Masa Prapaskah mempunyai dua ciri khas, yakni mengenang atau mempersiapkan pembaptisan dan membina tobat. Kedua ciri khas ini hendaknya ditampilkan dengan lebih jelas dalam liturgi maupun dalam katekese liturgi. Lewat kedua sarana itu kaum beriman yang tekun mendengarkan sabda Allah dan meluangkan waktu untuk berdoa disiapkan oleh Gereja untuk merayakan misteri Paskah. Karena itu:

  1. Unsur-unsur pembaptisan yang khas bagi liturgi Prapaskah hendaknya dimanfaatkan secara lebih luas; beberapa unsur yang berasal dari Tradisi zaman dahulu kalau perlu hendaknya dipugar.
  2. Hal yang sama berlaku bagi unsur-unsur tobat. Dalam katekese hendaknya ditegaskan kepada kaum beriman, baik dampak sosial dari dosa maupun hakikat khas dari pertobatan, yakni mencampakkan dosa yang merupakan penghinaan terhadap Allah. Peranan Gereja dalam laku tobat janganlah diabaikan, dan doa-doa untuk orang berdosa sangat dianjurkan.

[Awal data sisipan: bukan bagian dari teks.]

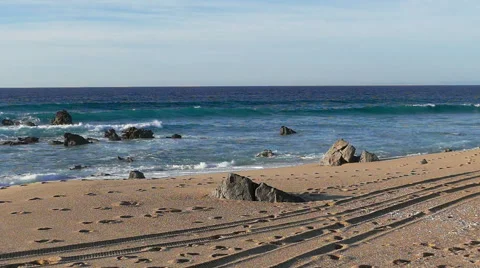 Couple Running on Beach with Waves in the Background Video stock 45702202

Tobat selama Masa Prapaskah itu tidak boleh hanya bersifat batin dan perorangan, tetapi hendaknya bersifat lahir dan mempunyai aspek sosial yang cocok untuk zaman sekarang dan untuk masing-masing wilayah, pun pula seturut keadaan kaum beriman, hendaknya makin digairahkan dan dianjurkan oleh “pimpinan gerejawi.” 

Akan tetapi puasa Paskah harus dipandang keramat dan dilaksanakan di mana-mana pada hari Jumat Agung, malah bila mungkin diperpanjang sampai hari Sabtu Suci, supaya kita dapat menikmati kegembiraan kebangkitan Tuhan dengan hati yang riang dan lapang.